New members also go through a hazing prevention workshop that takes place towards the middle or end of September. National organizations are required to discuss hazing at their interest meetings before any applications are turned in from potential new members.

If a student reports hazing on campus, a specific process is set in place to handle those reports.

“If a hazing issue does come up, it’s reported through the university website, and it goes through the dean of students, and then that determines, you know, the process,” said Robertson. “So, officially, we’re not involved in the hazing procedure that goes on, so like if there was a hazing case that came up and it needed to go through the process, we would not be involved on our end, just because we are so involved with the students already. That would all be handled by Sirena Cantrell, Dean of Students.”

The goal is to make W social organizations a safe, fun group for everyone. Eric Harlan, social club sponsor and communication instructor, commended The W’s hazing policy for providing safe limitations for members.

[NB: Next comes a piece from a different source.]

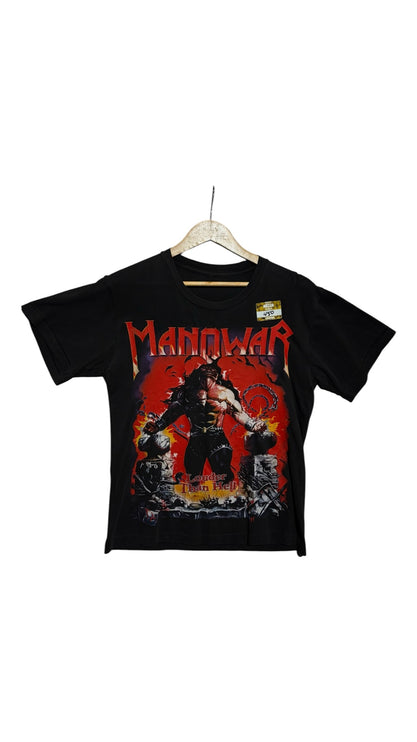OutOf10 vintage black cotton Manowar Louder Than Hell graphic band t-shirt with fiery red and orange print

“I am satisfied, and I am happy that the university is combatting hazing because when you get a lot of young people together without direction, sometimes bad things can happen,” said Harlan.

Reputations are at stake

However, there are downsides to The W’s policy.

“The hazing rule - what constitutes hazing - is vague,” said Harlan. “Depending on how you read it, everything can be considered hazing.”

Still, hazing can be detrimental to a person’s life, which is why The W works so hard to combat any issues that may occur. Farron Whitt, a nursing student at The W and a former member of the Mam’selles social club, knows firsthand just how seriously reports are taken.

“It went straight to the head person of [Student Life], which was a good thing, and she took it very seriously,” said Whitt. “It literally took her weeks to go through everything and she was calling in everybody. She wasn’t just taking one side or someone else’s side.”

Whitt praised Student Life for taking their time with the issue and not dismissing it. Now her goal is to make sure students are aware of the damage that hazing can do to a person.

“It’s not that they told us our hair looked bad or our outfits didn’t match,” said Whitt. “They got into our lives, which could have very bad, damaging effects if they would have told the right people or if I hadn’t known the police officers on campus. It could have affected my nursing career for me. I could have been kicked out of school, and The W’s got the best nursing program in the state. You get kicked out of here, other nursing programs won’t look at you, either.”

A campus commitment

Whitt warned students to remember that hazing is more than bullying.

“You would think that we’re in college and we’re mature enough, but that’s not always the case,” said Whitt. “When you start talking about drugs and alcohol and things like that, and blaming someone and saying that they’re hazing someone else, it gets a lot more serious.”

Perhaps that is why the university has been working to educate students about the practices and treat them seriously when they occur.

Dr. Jim Borsig has made combating hazing one of his top priorities since becoming president of The W in 2011. In a Visions magazine article he reiterated his commitment to creating a safe campus.

"We want to maintain cherished traditions while still fostering an environment of inclusion and respect," Borsig said. "Hazing endangers and diminishes our university community.

"I ask you to be willing to intervene and use your power to stop behavior that is wrong or dangerous and be willing to report it. Sexual assault, harassment, stalking and domestic abuse, as well as hazing and bullying, diminish each of us,” he said.